Christian Alvarado–Martinez is a Mexican citizen. Portions of his criminal history relevant for this appeal follow. In July 2007, Alvarado–Martinez was convicted in Kentucky of two counts of second-degree assault and sentenced to eight years in custody. He received probation for these offenses in February 2008 and was deported in April 2008.

Alvarado–Martinez later returned to the United States. In May 2012, he was convicted in Kentucky for second-degree wanton endangerment. He was sentenced to five years in custody for this offense and convictions relating to identity theft. In October 2014, he was deported.

He again returned to the United States. United States Customs and Border Protection agents encountered Alvarado–Martinez near the border fence in Progreso, Texas. Upon questioning, Alvarado–Martinez admitted to being present illegally in the United States.

On February 24, 2015, a federal grand jury indicted Alvarado–Martinez of one count of illegal reentry in violation of 8 U.S.C. §§ 1326(a)–(b). Alvarado– Martinez pleaded guilty to the indictment.
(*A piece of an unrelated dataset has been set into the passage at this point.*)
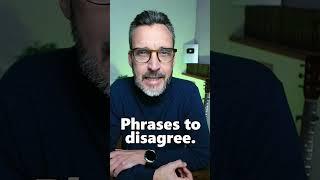 Disagreeing with your partner. Useful vocabulary for the speaking test. Cambridge English exams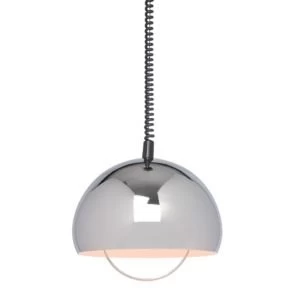 Image of Zodiac Dome Chrome effect Pendant ceiling light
A probation officer then prepared a presentence investigation report (“PSR”). The PSR recommended a 16-level enhancement under U.S.S.G. § 2L1.2(b)(1)(A)(ii) because Alvarado–Martinez was convicted of two felony crimes of violence—second-degree assault and second-degree wanton endangerment—prior to his deportation and reentry. Applying this enhancement to a Base Offense Level of 8 under U.S.S.G. § 2L1.2(a) and a 3- level reduction under U.S.S.G. §§ 3E1.1(a)–(b) for acceptance of responsibility, the Total Offense Level was calculated at 21. Alvarado–Martinez’s Criminal History Score was 8, and his Criminal History Category was IV. The calculated sentence range under the Guidelines was 57 to 71 months.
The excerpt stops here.